§ What is needed
Write the data out again in full, with no departure from the original.

§ Dataset extract

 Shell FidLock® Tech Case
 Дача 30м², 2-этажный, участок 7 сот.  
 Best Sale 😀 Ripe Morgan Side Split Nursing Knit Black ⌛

§ Answer box
 Shell FidLock® Tech Case
 Дача 30м², 2-этажный, участок 7 сот.  
 Best Sale 😀 Ripe Morgan Side Split Nursing Knit Black ⌛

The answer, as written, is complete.